In Glenn Ficarra and John Requa’s heartwarming rom-com, the first of Stone’s collaborations with her now frequent co-star Ryan Gosling, the pair’s chemistry is electric as they play a law school graduate and a pick-up artist who collide with hilarious consequences. It’s worth watching for that nod to Dirty Dancing alone.

The Amazing Spider-Man (2012)

Opposite Andrew Garfield’s web-slinging Peter Parker, Stone’s take on his first love, the whip-smart, honey blonde Gwen Stacy, in Marc Webb’s action epic revitalized the franchise thanks to her usual snarky charm. Two years later, she returned to reprise the role for The Amazing Spider-Man 2.

Birdman (2014)

For her virtuosic portrayal of Sam—he troubled daughter of Michael Keaton’s Riggan Thomson, a recovering addict who is trying to stay on the straight and narrow—in Alejandro G. Iñárritu’s breathless, Broadway-set black comedy, Stone earned her first Oscar nomination. Her impassioned monologue about her father’s irrelevance—and particularly the silence that follows it, in which her face transforms from rage to regret in seconds—remains one of her most powerful pieces of acting.

La La Land (2016)

As the wide-eyed aspiring actor Mia in Damien Chazelle’s sweeping, starry-eyed musical, Stone was enchanting, mastering her tap dances and waltzes with Ryan Gosling while also slowly drawing out her character’s anguish as her career stagnates and her relationship threatens to fall apart. It’s subtle, layered, and heartfelt—and won her a best-actress Oscar.

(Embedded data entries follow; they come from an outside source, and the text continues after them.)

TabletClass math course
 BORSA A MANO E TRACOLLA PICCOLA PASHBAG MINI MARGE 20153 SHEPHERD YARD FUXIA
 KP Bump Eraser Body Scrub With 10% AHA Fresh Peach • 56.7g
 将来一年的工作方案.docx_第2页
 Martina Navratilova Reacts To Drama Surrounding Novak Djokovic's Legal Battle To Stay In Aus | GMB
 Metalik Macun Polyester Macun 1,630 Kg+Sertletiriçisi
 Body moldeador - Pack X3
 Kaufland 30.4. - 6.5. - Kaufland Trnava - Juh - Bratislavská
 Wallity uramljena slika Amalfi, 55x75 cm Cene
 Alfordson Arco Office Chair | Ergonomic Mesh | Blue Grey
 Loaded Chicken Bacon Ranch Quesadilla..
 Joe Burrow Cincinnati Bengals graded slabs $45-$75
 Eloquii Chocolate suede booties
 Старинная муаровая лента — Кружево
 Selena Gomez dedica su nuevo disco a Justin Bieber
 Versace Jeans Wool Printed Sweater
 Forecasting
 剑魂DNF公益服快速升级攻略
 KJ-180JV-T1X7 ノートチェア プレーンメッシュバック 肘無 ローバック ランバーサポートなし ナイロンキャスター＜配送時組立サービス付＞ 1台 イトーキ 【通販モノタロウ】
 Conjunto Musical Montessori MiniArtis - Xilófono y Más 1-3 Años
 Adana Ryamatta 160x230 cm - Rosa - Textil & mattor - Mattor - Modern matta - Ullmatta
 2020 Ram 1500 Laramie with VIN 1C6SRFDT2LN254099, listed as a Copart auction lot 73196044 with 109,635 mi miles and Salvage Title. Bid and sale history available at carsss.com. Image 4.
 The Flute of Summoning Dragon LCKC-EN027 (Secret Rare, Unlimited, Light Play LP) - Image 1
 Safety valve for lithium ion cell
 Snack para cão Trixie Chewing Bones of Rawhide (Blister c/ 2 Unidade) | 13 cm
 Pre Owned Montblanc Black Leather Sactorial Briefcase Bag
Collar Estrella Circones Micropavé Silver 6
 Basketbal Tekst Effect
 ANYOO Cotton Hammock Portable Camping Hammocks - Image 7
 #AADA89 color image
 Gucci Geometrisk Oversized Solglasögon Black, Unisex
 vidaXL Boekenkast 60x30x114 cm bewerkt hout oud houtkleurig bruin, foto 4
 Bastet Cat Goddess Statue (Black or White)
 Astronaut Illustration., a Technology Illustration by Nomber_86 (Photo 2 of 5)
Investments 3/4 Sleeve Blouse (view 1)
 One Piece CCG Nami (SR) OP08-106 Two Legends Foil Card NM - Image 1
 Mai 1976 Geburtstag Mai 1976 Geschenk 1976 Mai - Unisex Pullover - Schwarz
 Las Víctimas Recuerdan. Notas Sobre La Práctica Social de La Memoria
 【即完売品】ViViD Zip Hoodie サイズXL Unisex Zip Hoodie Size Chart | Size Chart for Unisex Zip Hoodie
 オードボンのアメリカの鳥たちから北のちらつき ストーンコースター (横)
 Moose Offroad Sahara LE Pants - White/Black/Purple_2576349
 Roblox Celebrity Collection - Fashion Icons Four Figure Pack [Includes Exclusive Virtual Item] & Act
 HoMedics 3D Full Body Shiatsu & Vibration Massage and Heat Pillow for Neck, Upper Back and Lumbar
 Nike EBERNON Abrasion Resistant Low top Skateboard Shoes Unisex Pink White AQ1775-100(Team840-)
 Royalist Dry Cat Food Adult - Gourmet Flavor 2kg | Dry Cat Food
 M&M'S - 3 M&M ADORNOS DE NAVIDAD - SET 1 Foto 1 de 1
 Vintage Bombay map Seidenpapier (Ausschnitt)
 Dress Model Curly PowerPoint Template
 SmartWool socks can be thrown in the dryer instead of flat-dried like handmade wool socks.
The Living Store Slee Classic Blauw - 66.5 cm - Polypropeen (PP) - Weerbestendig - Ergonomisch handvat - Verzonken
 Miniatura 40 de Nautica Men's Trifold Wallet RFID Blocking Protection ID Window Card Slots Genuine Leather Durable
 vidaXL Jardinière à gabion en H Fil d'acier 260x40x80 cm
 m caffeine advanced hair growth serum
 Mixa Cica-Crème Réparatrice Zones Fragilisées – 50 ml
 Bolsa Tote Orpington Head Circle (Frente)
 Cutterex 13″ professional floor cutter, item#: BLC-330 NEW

Battle of the Sexes (2017)

With a dark, choppy shag, fake tan, and gold-rimmed glasses, Stone transformed into tennis legend Billie Jean King for Valerie Faris and Jonathan Dayton’s reimagining of her momentous 1973 match against Bobby Riggs (Steve Carell), a game which shaped the future of women’s tennis. She’s as dynamic on the court as she is when taking Riggs to task in the press conferences.

The Favourite (2018)

When she first arrives at the madcap court of Queen Anne (a childlike, badger-eyed Olivia Colman) in Yorgos Lanthimos’s gloriously twisted period drama, Stone’s Abigail Hill is a seemingly naive and penniless cousin of the sophisticated Lady Marlborough (Rachel Weisz). Witnessing her rise to the very top via endless scheming, poisonings, and sexual favors performed for the monarch is a total thrill, and the actor—by turns perfectly angelic and deliciously cruel—is excellent throughout, netting her third Oscar nomination.

Cruella (2021)

The hair, the blood-red lip, that terrifying glint in her eye—in Craig Gillespie’s supervillain origin story, Stone takes up the mantle from Glenn Close’s glamorous, cackling Cruella de Vil, revealing the scrappy, punk rock underdog who preceded her. An orphan who becomes a grifter out of necessity, she dreams of being a fashion designer, and when given the chance by a frosty couturier (Emma Thompson), discovers that she holds the key to her tragic past. Cue utter carnage, to which Stone commits wholeheartedly.

The Curse (2023)

In Nathan Fielder and Benny Safdie’s hilarious, absurdist, stomach-churning satire, Stone is mesmerizing as Whitney Siegel, a soulless property developer eager to distinguish herself from her slumlord parents by gentrifying her New Mexico town under the guise of lifting up the local community. As she and her husband (Fielder) begin filming a reality show about their endeavors, it’s a truly wild ride and Stone is a knockout—demonstrating that, as she nears the second decade of her career, her work is only becoming more complex, thorny,s and exciting.

Poor Things (2023)

The ultimate proof of that, however, comes in Yorgos Lanthimos’s surreal, joyous, and challenging coming-of-age epic following a straight-laced Victorian woman, Bella Baxter (Stone), who is resurrected with the brain of a baby and proceeds to escape the clutches of her guardian (Willem Dafoe) and embark on a rambunctious grand tour with a foppish rake (Mark Ruffalo). Mind-bogglingly detailed, wonderfully physical, and completely fearless, it is easily the performance of her career so far, not to mention one of the best I’ve seen across the board in recent memory. No wonder, then, that it secured her her second best-actress Oscar in just seven years.